What is expected
Reproduce without any pictures the lines from the one that contains "Vrouw draagt prachtige" through the end of the records, exactly as written.

Dataset

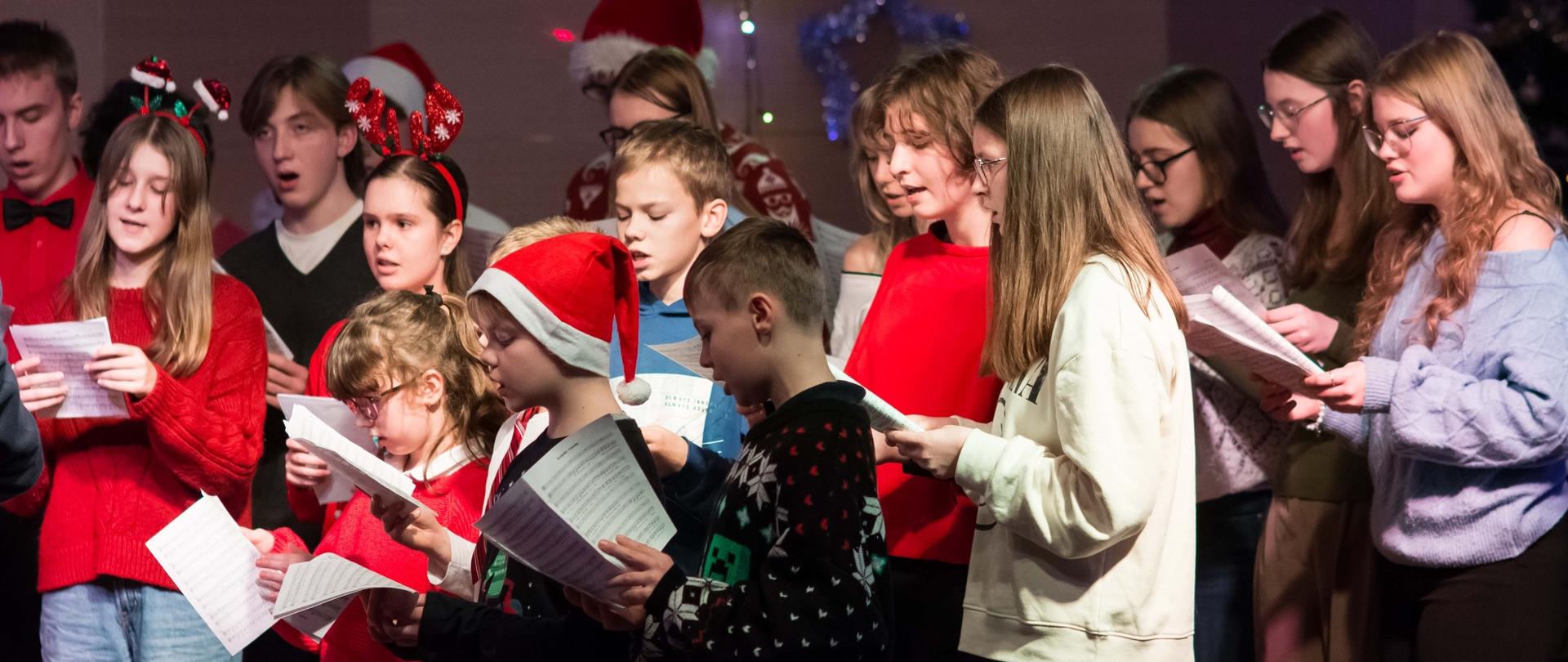 zdjęcie przedstawia część chóru szkolnego na scenie sali koncertowej podczas wykonania utworu, ujęcie z bliska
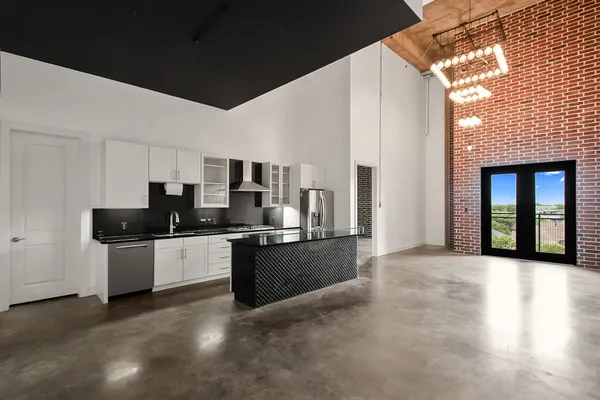 a large white kitchen with stainless steel appliances granite countertop a stove and a refrigerator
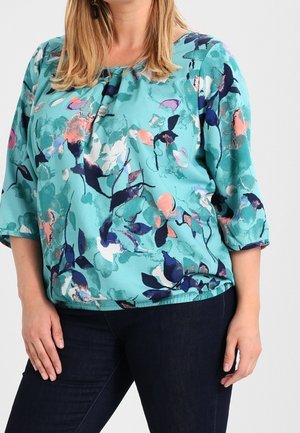 Vrouw draagt prachtige turquoise blouse met een abstract bloemenpatroon in marineblauw, roze en wit, gecombineerd met een donkere spijkerbroek, staand met haar handen ontspannen langs haar zij.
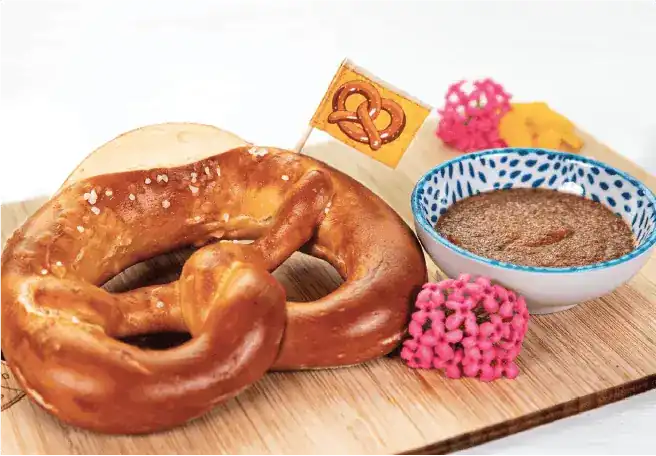 A fresh pretzel with a bowl of sweet mustard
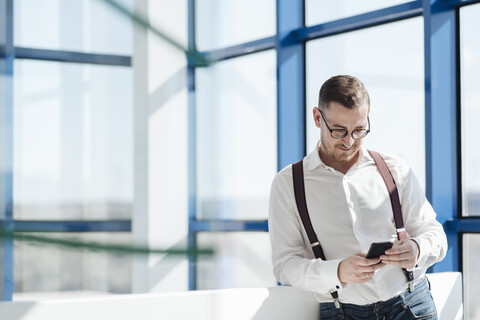 Geschäftsmann mit Handy am Fenster in einem modernen Büro, lizenzfreies Stockfoto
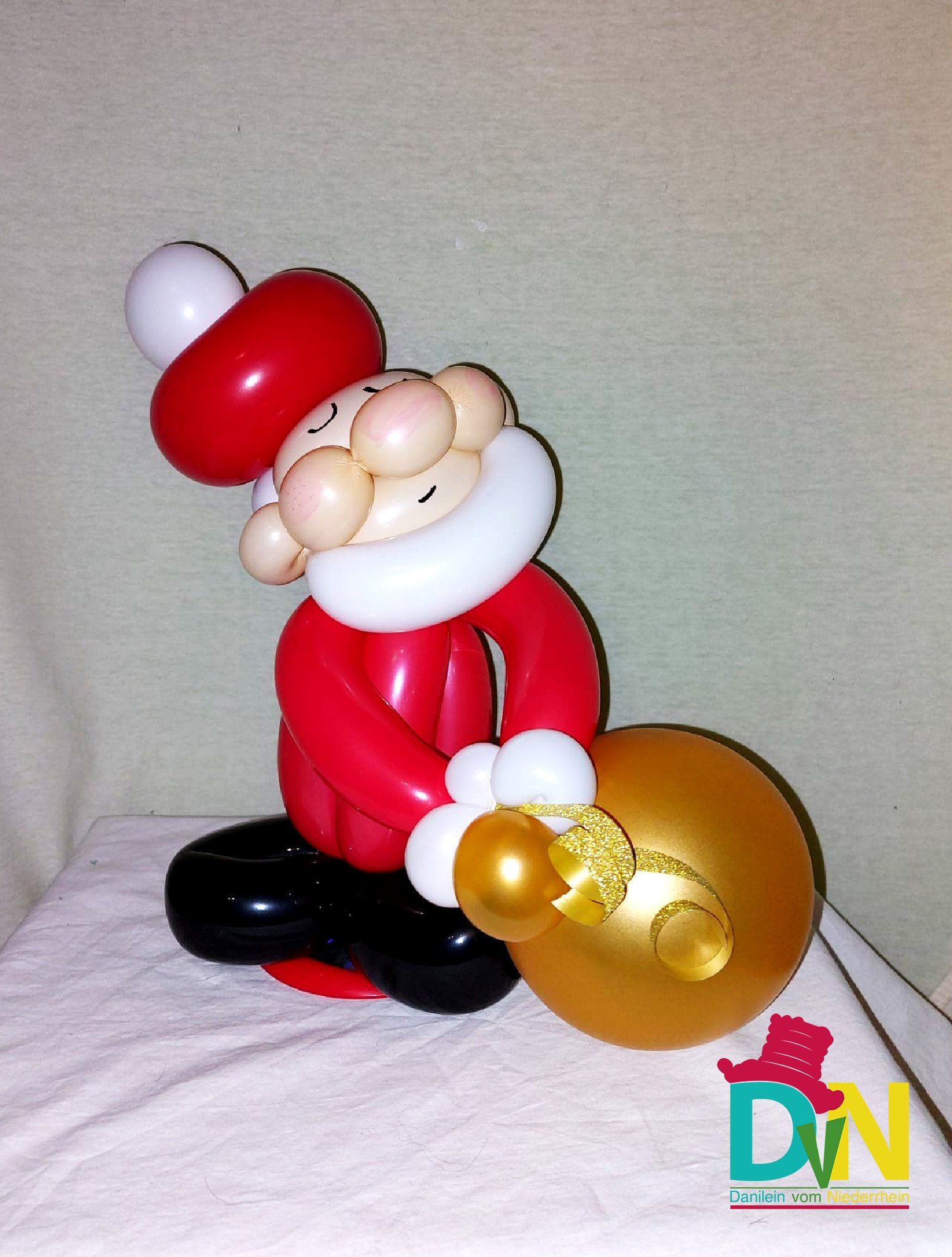 Kleiner Weihnachtsmann01/ca.0,25x0,20m/rot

Answer section
 Vrouw draagt prachtige turquoise blouse met een abstract bloemenpatroon in marineblauw, roze en wit, gecombineerd met een donkere spijkerbroek, staand met haar handen ontspannen langs haar zij.
 A fresh pretzel with a bowl of sweet mustard
 Geschäftsmann mit Handy am Fenster in einem modernen Büro, lizenzfreies Stockfoto
 Kleiner Weihnachtsmann01/ca.0,25x0,20m/rot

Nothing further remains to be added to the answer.